Cal agrícola: una herramienta para recuperar la fertilidad de los suelos

Cal agrícola: una herramienta para recuperar la fertilidad de los suelos

La extracción constante de nutrientes y los cambios en el pH afectan el rendimiento de los cultivos. La remineralización mediante enmiendas minerales aparece como una práctica cada vez más utilizada para mejorar la eficiencia de la fertilización y preservar la productividad a largo plazo.

La extracción continua de nutrientes provocada por las sucesivas campañas agrícolas se consolidó como uno de los principales desafíos para mantener la productividad de los suelos. A medida que avanza la intensificación de la actividad, productores y especialistas ponen cada vez más atención en estrategias que permitan recuperar la fertilidad y preservar la capacidad productiva de los lotes.

Entre las alternativas que ganan espacio se encuentra la remineralización, una práctica destinada a reponer minerales esenciales y corregir desequilibrios químicos que se generan naturalmente con el paso de los años o como consecuencia del manejo agronómico.

El tema adquiere relevancia tanto en Argentina como a nivel internacional.
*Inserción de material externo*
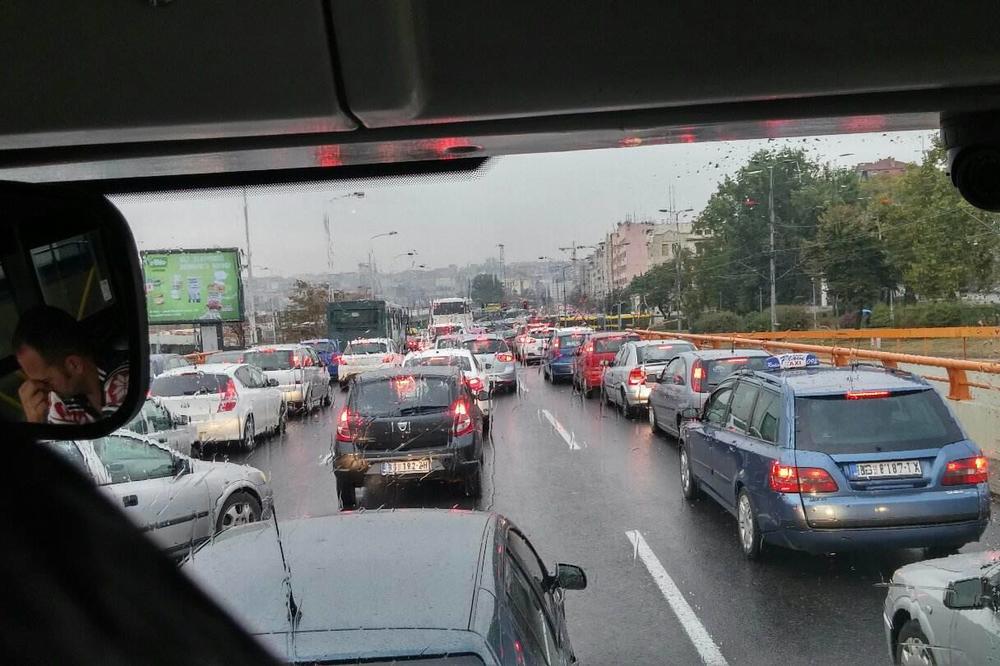 (FOTO) KIŠA I RADOVI NA SVAKOM ĆOŠKU PARALISALI PRESTONICU: Nova radna nedelja, a haos u saobraćaju isti!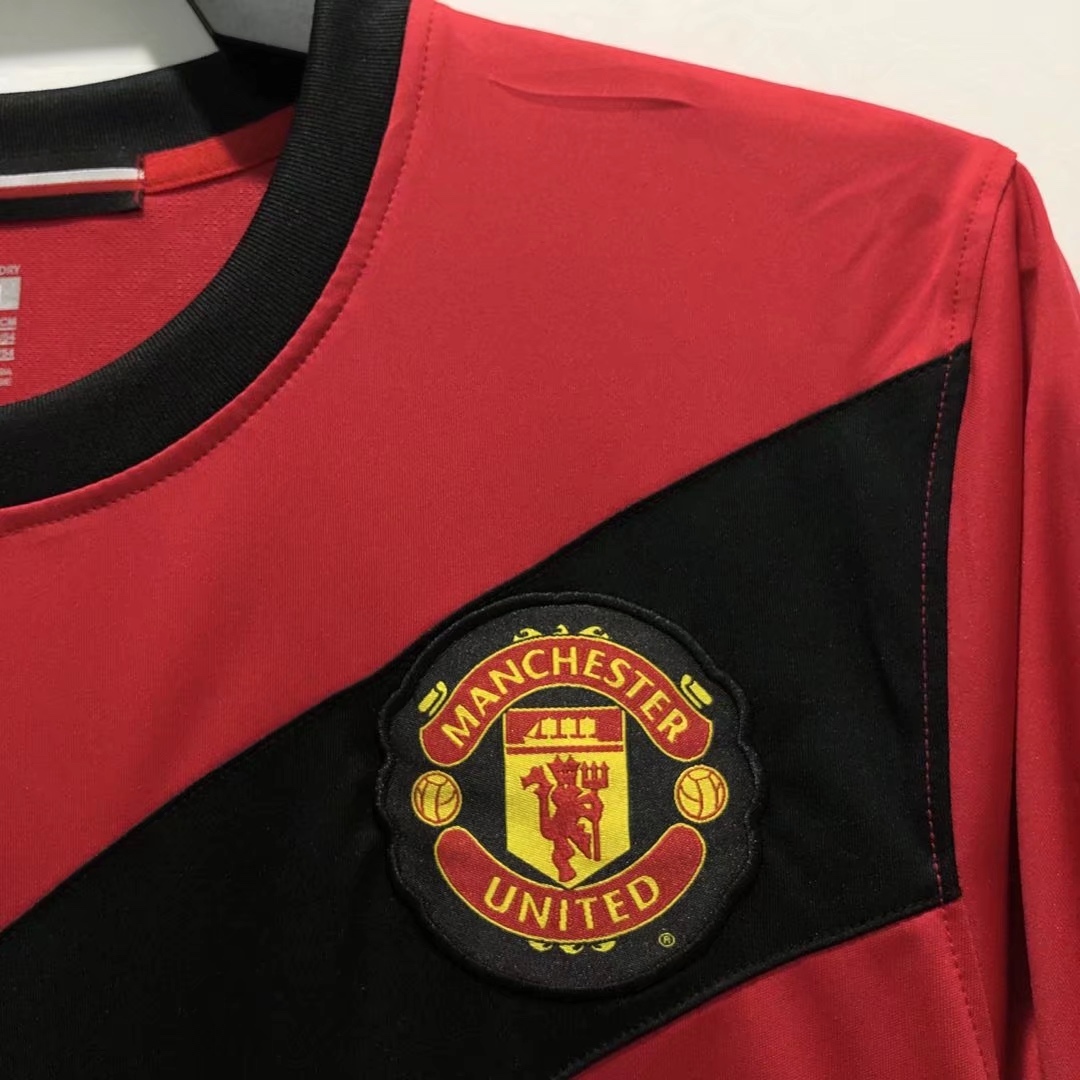 Manchester United Retro 2010 season long home jersey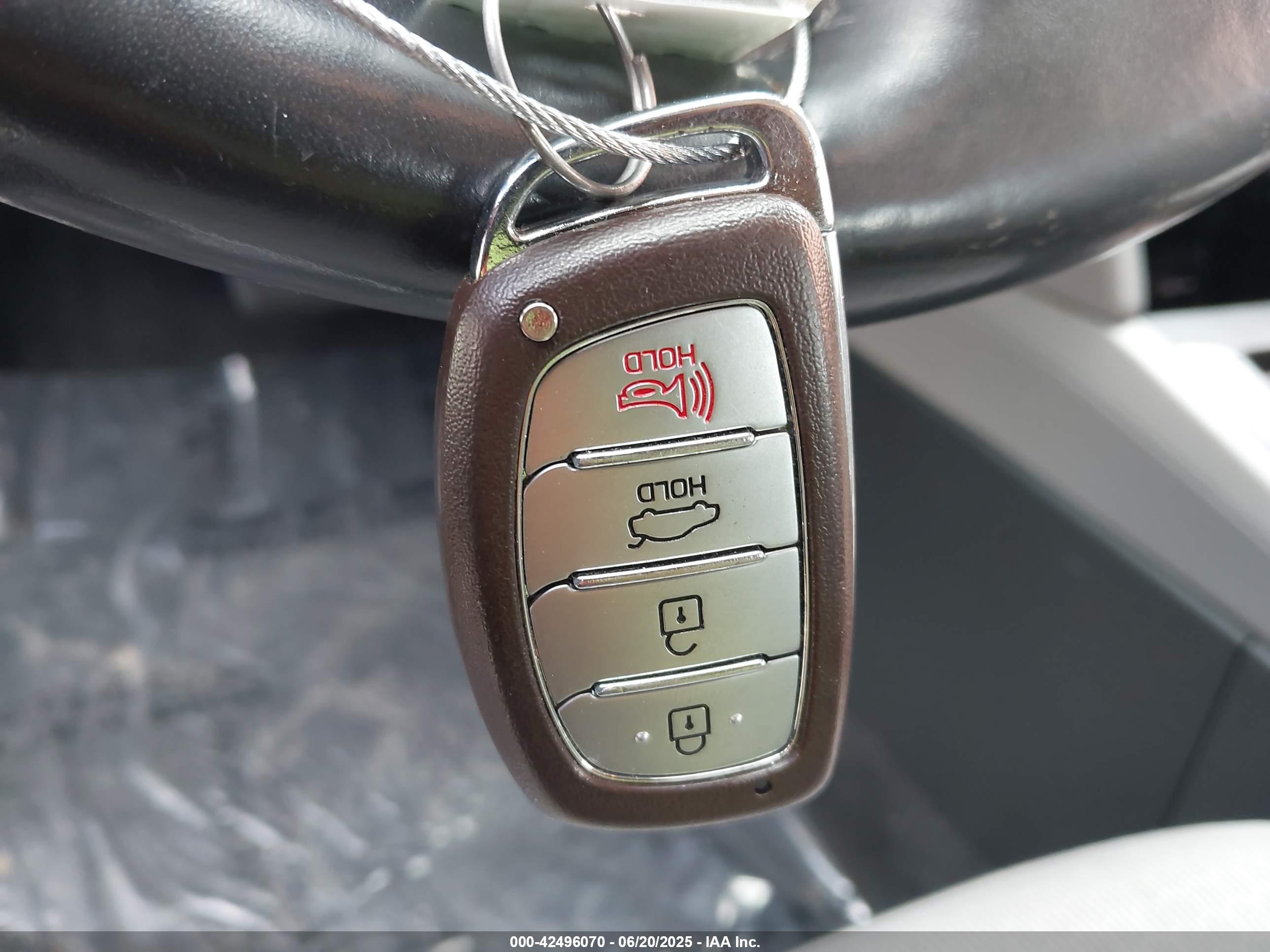 HYUNDAI ELANTRA image 11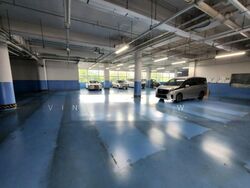 Auto World (D12), Warehouse #591796991
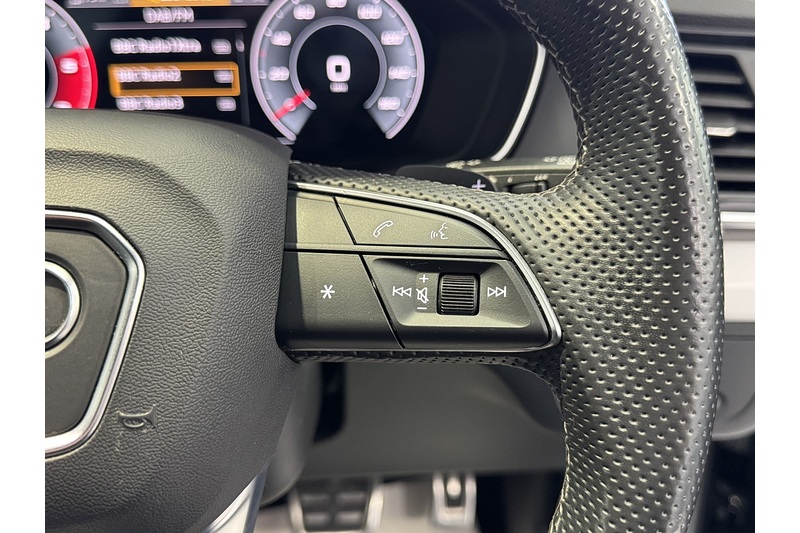 Audi 2.0 TDI 40 S line SUV 5dr Diesel S Tronic quattro Euro 6 (s/s) (204 ps)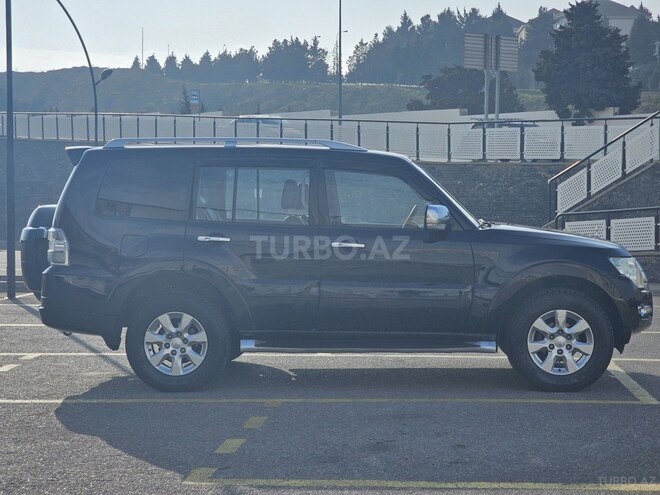 Mitsubishi Pajero-7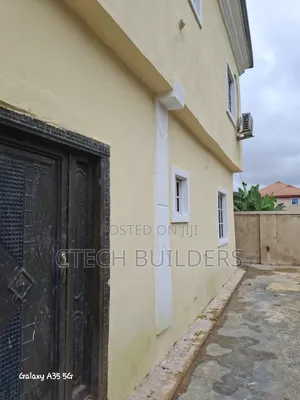 3bdrm Block of Flats in Benin City for rent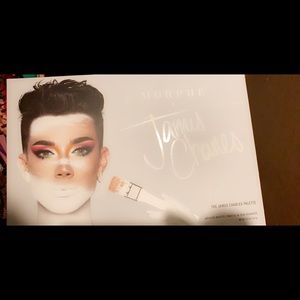 Meet your Posher, Faviola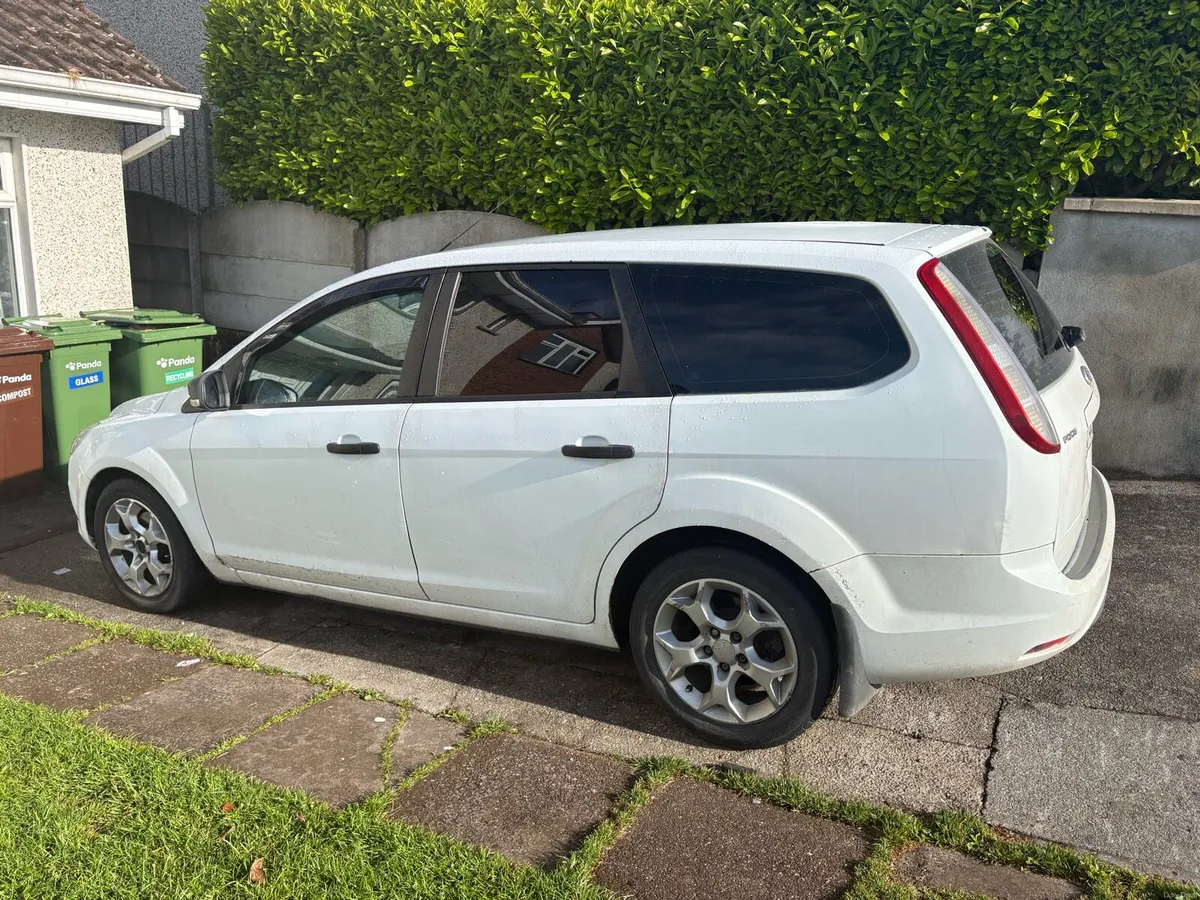Ford focus - Image 4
La degradación de los suelos y la pérdida progresiva de nutrientes afectan la eficiencia de los sistemas productivos y obligan a complementar las prácticas tradicionales de fertilización con herramientas que permitan conservar la calidad del recurso.

Según explicó Laura Correa, Gerente de Investigación y Desarrollo de Grupo Calidra, uno de los principales problemas que enfrenta la agricultura moderna es justamente el deterioro gradual de las propiedades químicas del suelo.

En el caso argentino, estimaciones del sector indican que la actividad agrícola provoca una pérdida cercana a las 800.000 toneladas de calcio y 400.000 toneladas de magnesio por año, minerales cuya reposición resulta necesaria para sostener los niveles de productividad.

La acidificación limita el potencial de los cultivos

Además del agotamiento de nutrientes, otro fenómeno que preocupa a los especialistas es la acidificación de los suelos.

A escala global, se calcula que entre el 25% y el 30% de las superficies agrícolas presentan algún grado de acidez, una condición que reduce la disponibilidad de nutrientes esenciales para las plantas y condiciona el desarrollo de los cultivos.

Entre las causas que favorecen este proceso se encuentran tanto la extracción permanente de minerales por parte de las cosechas como el uso intensivo de determinados fertilizantes, que con el tiempo modifican el equilibrio químico del suelo.

“La acidificación reduce la disponibilidad de nutrientes para los cultivos. La corrección del pH es fundamental para que los minerales del suelo estén disponibles y así lograr una mayor productividad”, explica Adrián Marcolín, Representante Comercial Agro de Calidra Argentina.

La corrección del pH aparece así como una práctica complementaria a la fertilización tradicional, ya que permite mejorar el aprovechamiento de los nutrientes presentes tanto en el suelo como en los fertilizantes aplicados.

La remineralización gana espacio como herramienta de manejo

Para revertir estos procesos, muchos establecimientos incorporan enmiendas minerales formuladas con carbonato de calcio o carbonato de calcio-magnesio, conocido como dolomita.

Estos productos permiten disminuir la acidez del suelo, restablecer parte de los nutrientes perdidos y generar mejores condiciones para el crecimiento de los cultivos.

“Remineralizar el suelo es devolverle minerales esenciales para recuperar su equilibrio químico y su capacidad productiva”, resume Correa, técnica química de larga trayectoria en Grupo Calidra.

Desde la experiencia en campo, los especialistas sostienen que la recuperación del equilibrio químico suele reflejarse en una utilización más eficiente de los fertilizantes, una mejor respuesta de los cultivos y mayores rendimientos, además de favorecer un manejo más sustentable de los recursos disponibles.

La incorporación de este tipo de prácticas también contribuye a conservar la productividad de los lotes en el largo plazo, un aspecto cada vez más relevante frente a la necesidad de producir más alimentos sin expandir la superficie cultivada.

Una estrategia orientada a la sostenibilidad

El mercado de insumos destinados a la recuperación de suelos muestra una evolución constante, impulsada por la búsqueda de tecnologías que permitan combinar productividad y sostenibilidad.

Dentro de ese segmento, Grupo Calidra desarrolla soluciones como Carbonato de Calcio, Dolomita, Súper Azufre Perlado S18 y Mezcla 70/30, orientadas a la reposición de nutrientes y a mejorar las condiciones químicas del suelo.

La utilización de este tipo de enmiendas forma parte de una estrategia de manejo integral que busca preservar uno de los principales activos de la producción agropecuaria: la calidad del suelo.

“Las enmiendas con cal agrícola o dolomita serán fundamentales para la sostenibilidad y eficiencia de los campos hacia el futuro”, concluye Marcolín.